Friday, December 19, 2008

Gearing Up

The last two days I've been focused on remedying some computer issues that have been plaguing me. The thesaurus wasn't installed in Open Office on my new Linux laptop. When I'm at an absolute stall in my writing, I live and die by the thesaurus. I'll just go trolling around in Visual Thesaurus until I stumble on a word that gathers more words around it. Eventually, I end up with a sentence. So I'd been trying to figure out how to get my Open Office thesaurus function to work and was messing around with command prompts which ended up royally screwing up my operating system to the point that I couldn't save a document without the Open Office program crashing. Not good. So I had to roll my laptop back to the factory settings by booting it off of the recovery disc. While trying to accomplish this, I inadvertently wiped the hard drive on my desktop. This could easily have been a major disaster, but I'm very diligent about backing up my files. As it stands, I have all of my most important works backed up on a thumb drive and an external hard drive. I have over 500 poems that I'd hate to loose. But I could never loose all of them in a single, catastrophic event because the bulk of them are backed up on pathetic.org and the earliest works are stored on floppy disks. And of course my Project Reach files are all on my laptop, desktop and on my USB flash drive. The completed chapters are further safeguarded by being uploaded online as Google Docs.

So after toasting all the data on my desktop, I just went ahead and installed Ubuntu on it and will work on moving my files over from the external hard drive this weekend or over Christmas break. So I'm all converted to Linux now. That's progress.

Having my head all junked up with tech, I wasn't in the right state of mind to write David, but I did work on a poem I began jotting down while at work. I haven't written a poem in more than months; it's been whole seasons since I've completed a verse. But this piece, although slightly disjointed, is good. It's not 'there' yet, and I'll likely make at least two more editing passes at it, but it felt really good to output some verse. I can feel MarLo in this one. Or maybe there's just a lot of me in MarLo.

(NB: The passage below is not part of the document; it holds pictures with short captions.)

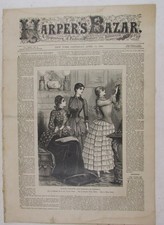 HARPERS  BAZAR APRIL 11 1885 WITH RARE VICTORIAN FASHION PATTERN SHEET NO. 15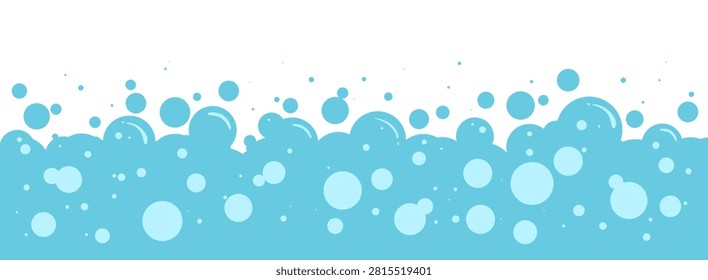 Foam bubble background, bath water soap. Blue laundry pattern, shampoo and wash or clean. Abstract fizz soda, cute effervescent border. Gas suds frame. Transparent horizontal bg. Vector illustration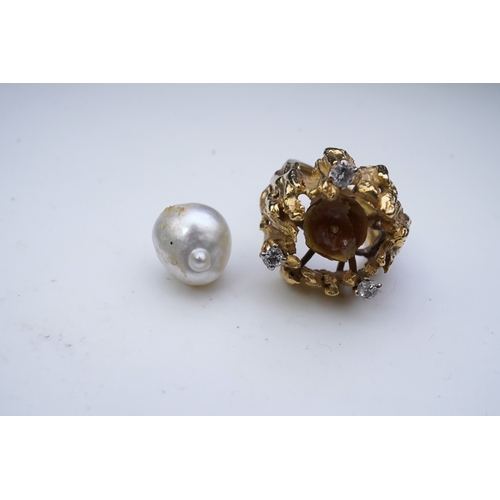 346 - Alan Martin Gard, a cultured pearl, gold and diamond ring, circa 1970, set with a cultured pearl, to... 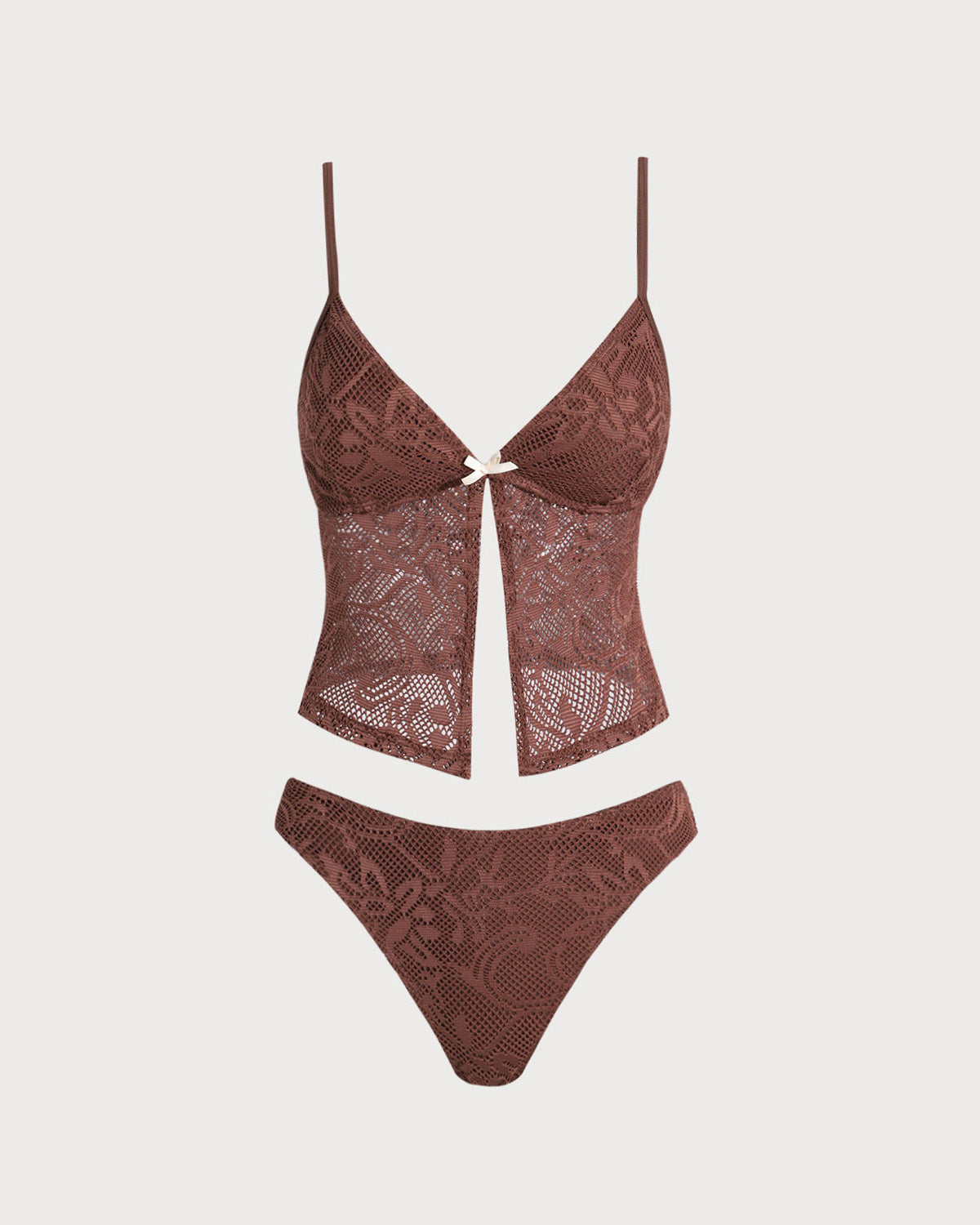 Navela | Brown Mesh Slit Tankini Swimsuit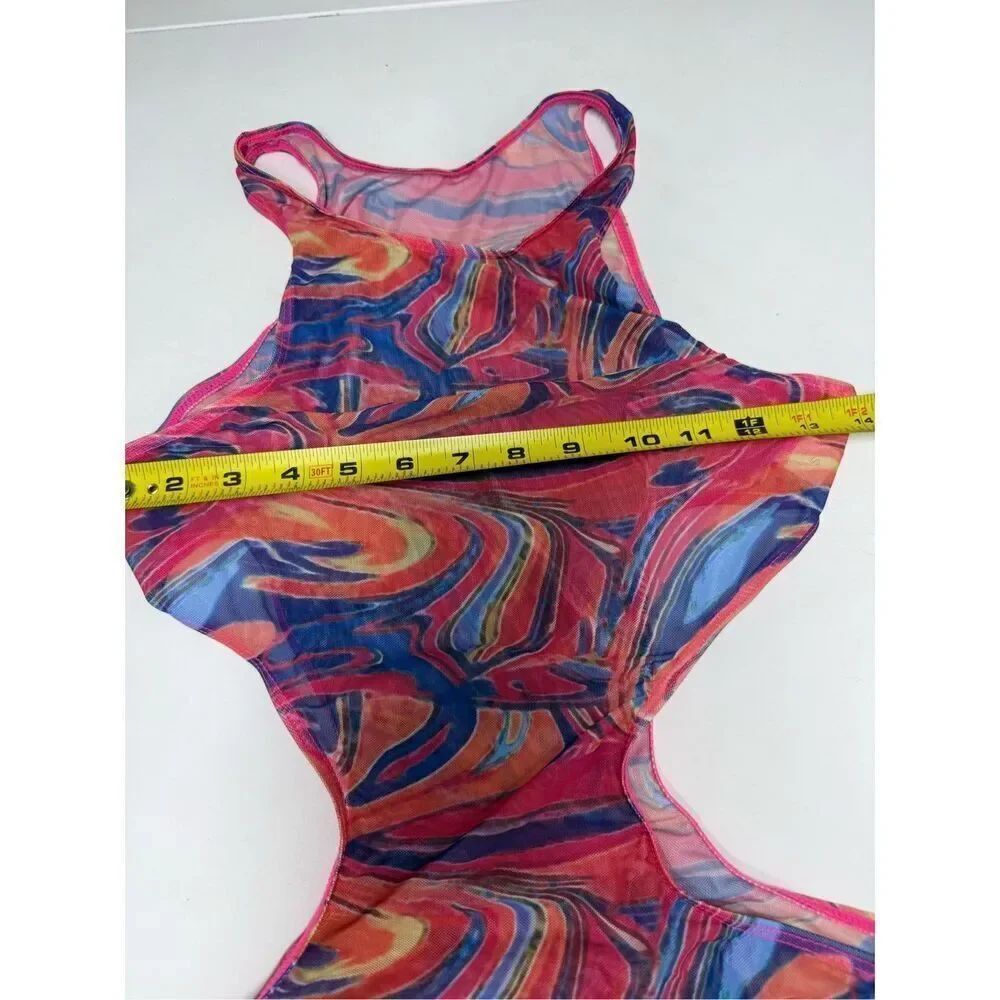 Fluid Print Triangle Halter Tie Strap Backless Bikini Set Cut Out Tie Side Sz S - Picture 13 of 16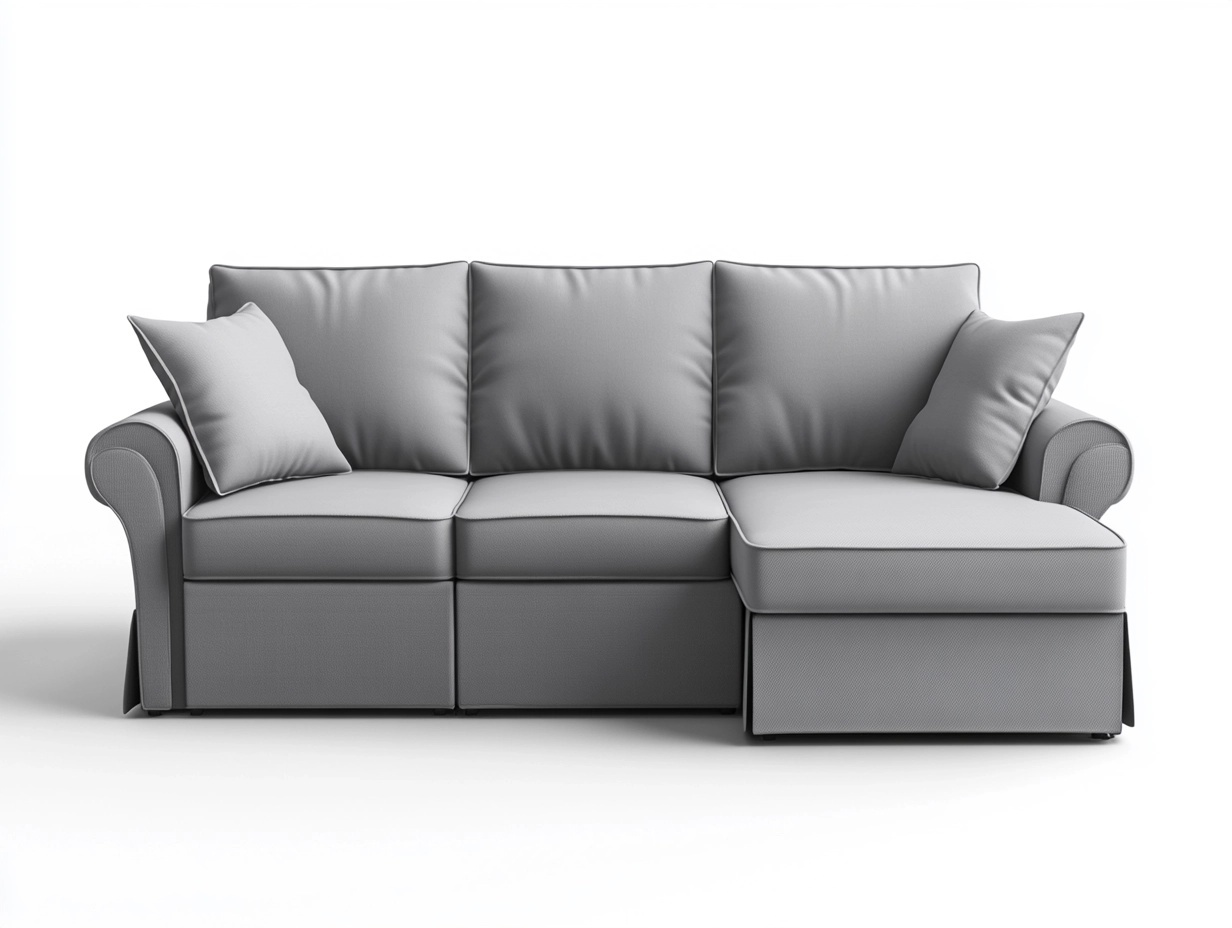 Sofá seccional gris de 3 plazas con chaise longue para sala de estar estilo contemporáneo tapizado en tela 250x90x85 cm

I have been meaning for a few months to send out a round of poetry submissions, but never followed through on my intentions due to computer and printer issues. I was shocked to realize that I haven't published any verse since 2006, and even that was a piece from 2005. It's just ridiculous to think that I haven't sent any submissions out in over two years because some of my absolute best works (or at least my current favorites) came out of 2007 and 2006. I have a list of journals and magazines that I've checked out. It's just a matter of choosing appropriate pieces for the forum, formatting to the publisher's standards, taking that deep, sickening breath, and hitting the send button (or dropping the letter in the mailbox). I fully intend on seeking to publishing at least a half dozen of my better poetic works this coming year in an attempt to beef up my credits so that when Project Reach is finished and I send out queries to agents, mine will perhaps be slightly more appealing than those of other freshman novelists who maybe have no publishing credits at all.

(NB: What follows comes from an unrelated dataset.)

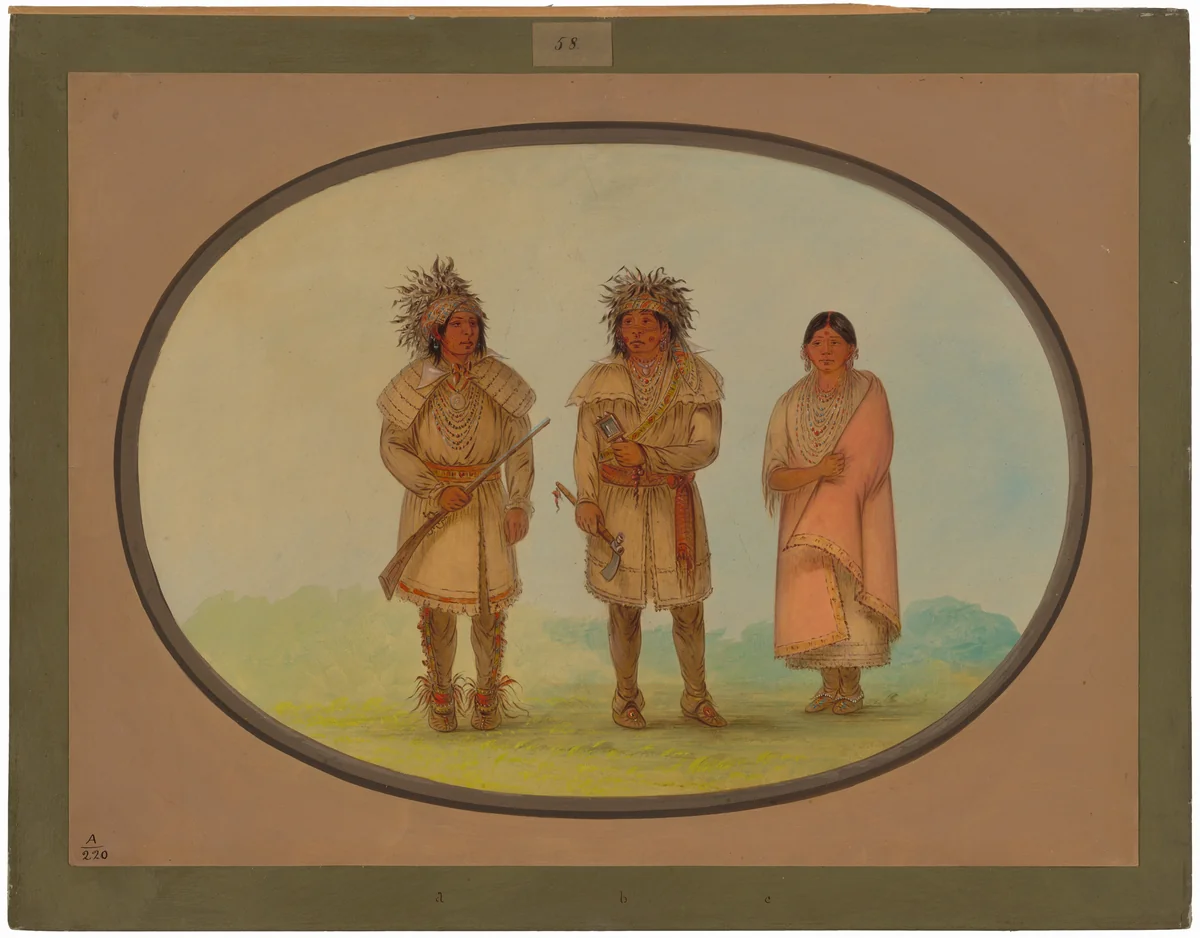 Three Peoria Indians by George Catlin, painting, 1861-1869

It will be a big help during this submission push to have a functioning printer. I've gone years without a printer at home because my Epson, though technically still functional, was such a pain about the ink cartridges always being full and I could never afford to keep all seven of them in supply. Eventually the nozzles clogged to an insupportable degree and I just gave up using it altogether. But for Christmas, I bought my mother a color copier, printer, fax, scanner combo. One of her hobbies is to color copy her snapshots and cut them out to make collages. It's not even in the same league as scrapbooking, but she enjoys it immensely. She used to drive all the way into the next town to go to the offices of the local newspaper and pay 75 cents a page to make color copies on their machine. So I got her a Brother color copier/printer for Christmas. It's got big, back lit, mom-friendly buttons and only four ink cartridges, the refills for which are the least expensive of all the major brands. I keep it on my desk hooked up to my desktop computer upon her insistence, and I'm very happy with it.

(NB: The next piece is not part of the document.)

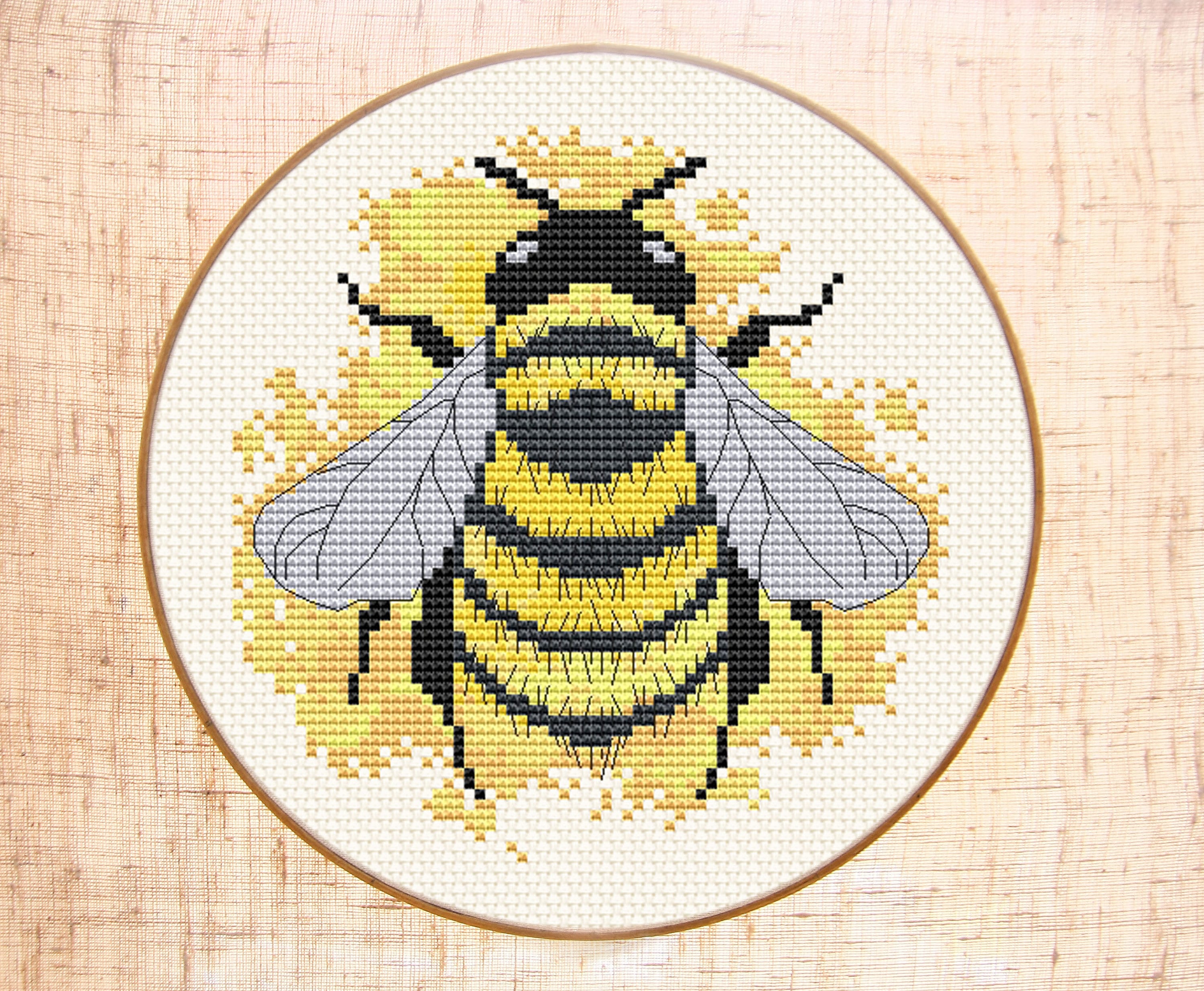 bumble-bee-cross-stitch-pattern-modern-cross-stitch-watercolor-etsy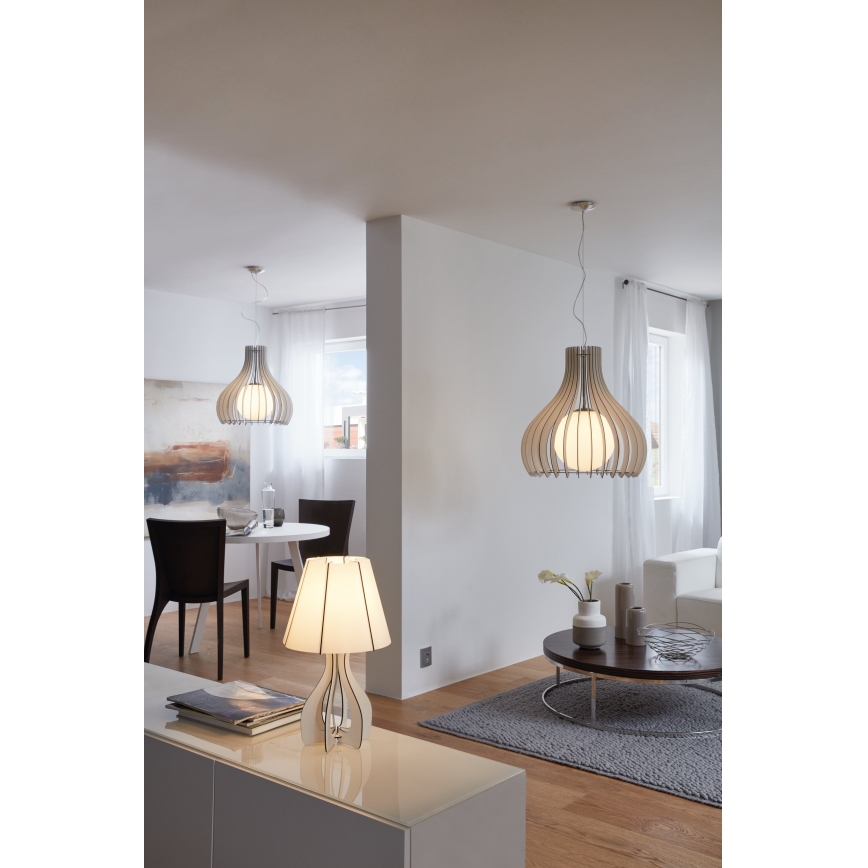 Eglo 96211 - Lampa wisząca na lince TINDORI 1xE27/60W/230V, Ø 50 cm, biała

In addition to sending out a round of poetry submissions, I also dream of applying to some local artist residency programs. I should fill out the applications I've had lying on my desk for over a year now. It would be good for me to sequester myself for the purpose of writing. I just find it so difficult to get anything written in the evenings when my brain is out of juice for the day. I did get to snatch a few minutes of time to write at work today. 36 minutes to be exact. This was broken up into about five separate intervals of varying lengths. But in those few short interludes I was able to fix a transition in Chapter 3 that had been bothering me and extend he narrative by about three lines. That doesn't sound like much, but it's a lot of progress in such a short time. I take it as further testament to the fact that I do my best work during the day when I'm working and not free to write.